🤖 AI Summary
To address the high inference cost, latency, and “lost-in-the-middle” phenomenon induced by long contexts in large language models (LLMs), this work—grounded in information bottleneck theory—formulates context compression as maximizing query-conditioned mutual information, marking the first principled departure from conventional redundant-token removal paradigms. We propose a cross-attention-based framework for tractable mutual information approximation, enabling modular architecture design and component substitution. Additionally, we introduce importance-aware reweighting and dynamic truncation strategies to preserve task-critical information. Evaluated on four benchmark datasets, our method achieves a 25% higher compression ratio than state-of-the-art approaches while maintaining or even improving question-answering accuracy; in several scenarios, performance with compressed context surpasses that of the full original context.
📝 Abstract
Generative LLM have achieved remarkable success in various industrial applications, owing to their promising In-Context Learning capabilities.
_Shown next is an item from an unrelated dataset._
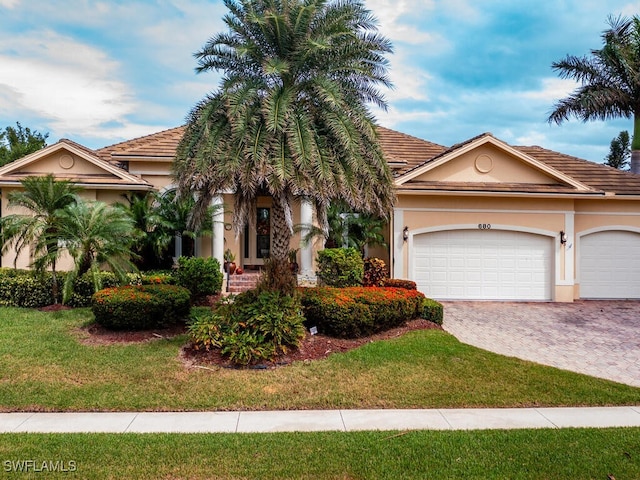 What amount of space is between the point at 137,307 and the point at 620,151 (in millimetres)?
39264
However, the issue of long context in complex tasks poses a significant barrier to their wider adoption, manifested in two main aspects: (i) The excessively long context leads to high costs and inference delays. (ii) A substantial amount of task-irrelevant information introduced by long contexts exacerbates the"lost in the middle"problem. Existing methods compress context by removing redundant tokens using metrics such as self-information or PPL, which is inconsistent with the objective of retaining the most important tokens when conditioning on a given query. In this study, we introduce information bottleneck theory (IB) to model the problem, offering a novel perspective that thoroughly addresses the essential properties required for context compression. Additionally, we propose a cross-attention-based approach to approximate mutual information in IB, which can be flexibly replaced with suitable alternatives in different scenarios. Extensive experiments on four datasets demonstrate that our method achieves a 25% increase in compression rate compared to the state-of-the-art, while maintaining question answering performance. In particular, the context compressed by our method even outperform the full context in some cases.